兄さんが見ていた煮物を食べると思ってた以上に美味しくて、箸が進む。

今日はなかなか面白い一日だった。

応接室に侵入してきた草食動物は最近学校を騒がしている三人組で、しかも面白い赤ん坊が付いてきた。




「恭弥、何かいい事でもあったか?」




まるで心を読まれたようなタイミングで声を掛けられ、思わず兄さんの顔を見た。

何で分かったの?

心を読むっていうのは強ち間違いじゃないかもしれない。

兄さんなら有り得ない事はないなと思っていると、兄さんは何でもないように煮物に箸を伸ばしていた。




「今日、面白い子と会ったんだ」




僕の言葉に兄さんは相槌を打って、良かったなと言わんばかりに笑っていた。

こういう時、兄さんはやっぱり特別だと思う。

何が特別なのかなんてさっぱり分からないけど、誰も兄さんの代わりは出来ないし、けして真似も出来ないだろうね。

たとえ誰かが何かをしようとしたとしても、

強くて優しくて怖くて綺麗な雲雀には絶対誰も勝てないよ。

あの赤ん坊でさえもね。







***







遅くなった。

見回りの途中でおかしな群が僕の行く手を阻むから、全て咬み殺して来た。

兄さんは普段何をしてるのかよく分からないけど、人助けをしてよく街にいるのを見掛ける。

兄さんの言う人助けや施しが何なのかは僕には理解出来ないけど、

理解しようと最近は咬み殺した後に救急車を呼ぶ事にしてみた。

これも立派な人助けだよね?

足早に学校へ戻り、正門が見えてきた所で、門から兄さんが出てきた。

学校に兄さんが来るなんて珍しい。

声を掛けようとした所で携帯が着信を知らせる。

相手は目の前の兄さんだった。

僕は電話に出て、背を向けてどんどん離れていく兄さんの後を追った。




『恭弥、今外だよな?』

「そうだけど」

『悪い。今日は帰れない』

「ちょ、兄さん?!」




そこで通話は一方的に切られ、足早に家ではない方角へ進んでいく兄さんを僕はそのまま追いかけた。

帰国してから出掛ける時は必ず連絡を入れると約束してくれたけど、今の説明は酷すぎるよ。

不信感いっぱいで後を追うと、並盛でも一、二を争う高級マンションに兄さんは迷い無く入って行った。
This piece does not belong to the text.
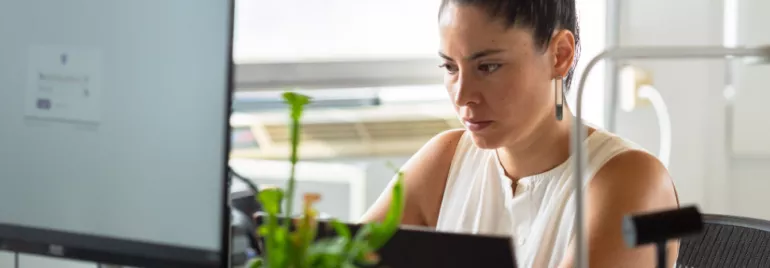 Woman concentrating on work at her desk with a computer and plant.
そしてとある部屋のチャイムを押して出てきたのは赤いスーツを着た女。

兄さんに似合わない派手な女は兄さんを部屋へと誘い、そして兄さんは女に満面の笑みで応えて部屋へと消えていった。

扉が閉まる瞬間、女と目が合ったけど僕はしばらく動けなかった。

あの禍々しいほど赤いのが兄さんの彼女・・・?

それからだんだん腹が立ってきた。

また兄さんに隠し事をされた。

秘密が多いのは知ってるけど、兄さんは僕に何も教えてくれない。

さっきのあの女に向けた兄さんの笑顔を思い出して、ムカムカしてきた僕はそのまま学校へ引き返した。


* ひとやすみ *
・どこに入れるか迷ったけど、とりあえずここに恭弥視点を入れてみた。
 相変わらず兄ちゃんが嘘くさい。笑
 どこまでいくんだろうね、この兄ちゃん信仰は・・・。